Purpose : Long-term use of glucocorticoids (GCs) may increase intraocular pressure (IOP) in about 40% of the general population. This IOP elevation is due to GC-induced pathological changes in the trabecular meshwork (TM). Published studies show that ABCA1 is associated with glaucoma susceptibility. The inhibitor of ABCA1 decreases outflow facility while the agonist of ABCA1 increases outflow facility and IOP in perfusion cultured human eyes and mouse eyes, respectively. Here, we determined if ABCA1 is involved in lipid metabolism and ECM accumulation induced by GCs in the TM.

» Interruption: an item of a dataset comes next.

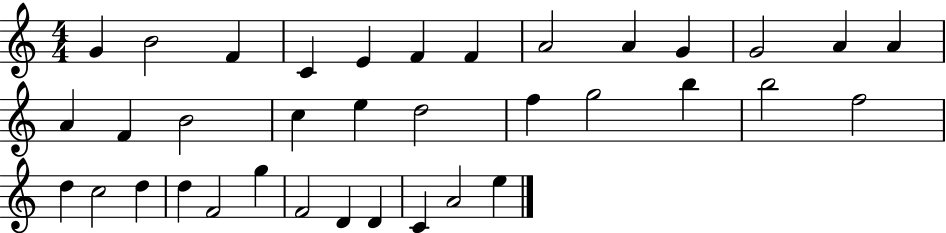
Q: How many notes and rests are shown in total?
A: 36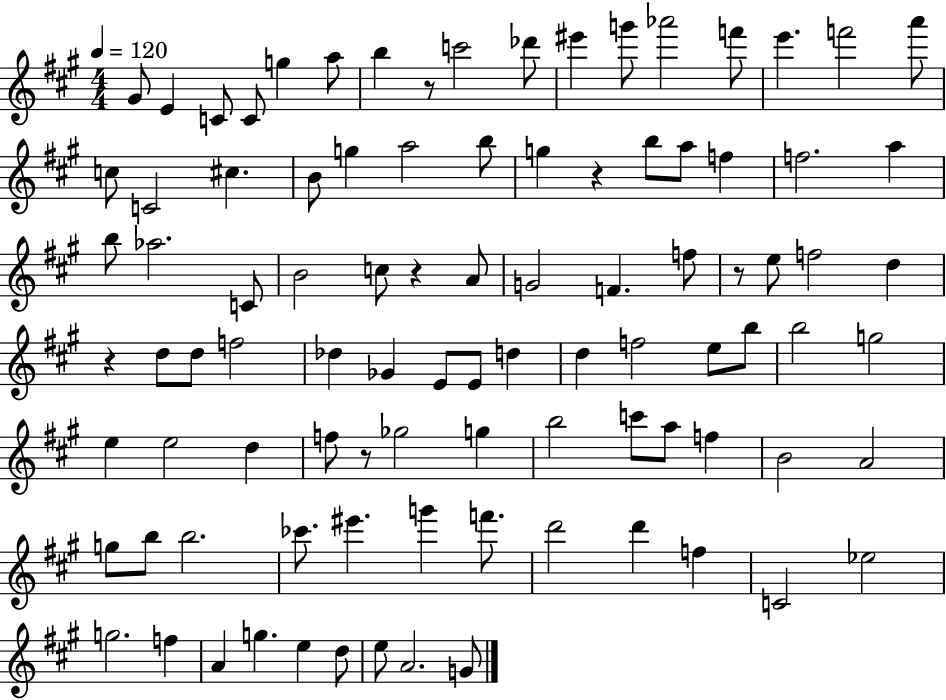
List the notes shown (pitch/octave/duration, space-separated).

G#4/e E4/q C4/e C4/e G5/q A5/e B5/q R/e C6/h Db6/e EIS6/q G6/e Ab6/h F6/e E6/q. F6/h A6/e C5/e C4/h C#5/q. B4/e G5/q A5/h B5/e G5/q R/q B5/e A5/e F5/q F5/h. A5/q B5/e Ab5/h. C4/e B4/h C5/e R/q A4/e G4/h F4/q. F5/e R/e E5/e F5/h D5/q R/q D5/e D5/e F5/h Db5/q Gb4/q E4/e E4/e D5/q D5/q F5/h E5/e B5/e B5/h G5/h E5/q E5/h D5/q F5/e R/e Gb5/h G5/q B5/h C6/e A5/e F5/q B4/h A4/h G5/e B5/e B5/h. CES6/e. EIS6/q. G6/q F6/e. D6/h D6/q F5/q C4/h Eb5/h G5/h. F5/q A4/q G5/q. E5/q D5/e E5/e A4/h. G4/e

Methods : Several characterized primary human TM (pHTM) cell strains and the transformed GTM3 cell line were used. The cells were treated with 100nM dexamethasone (DEX) with or without RU 486 (the DEX inhibitor) for 3-5 days. Some cells were transfected with ABCA1 siRNA (10nM) or non-targeting (NT) siRNA with or without DEX/RU486. At the end of the treatment, conditioned medium (CM) and whole cell lysates (WCL) were collected for Western immunoblotting. Some cells were used for oil red staining (for liquid deposition) or the cholesterol /cholesterol ester Glow assay kit.

Results : In both pHTM and GTM3 cells, DEX induced the expression of ABCA1 which was inhibited by co-treatment with RU486. Oil red staining showed that DEX induced lipid accumulation in TM cells, and this induction was also inhibited by RU486. By knocking down ABCA1 using siRNA, we found that there was an increase in fibronectin and collagen I in TM cells. Besides, ABCA1 knockdown increased DEX-induced cholesterol /cholesterol ester levels in TM cells.

Conclusions : The expression of ABCA1 is induced by GC signaling in the TM. Since ABCA1 knockdown increased lipids and ECM in the TM, ABCA1 seems to be “beneficial” to the TM.

This abstract was presented at the 2024 ARVO Annual Meeting, held in Seattle, WA, May 5-9, 2024.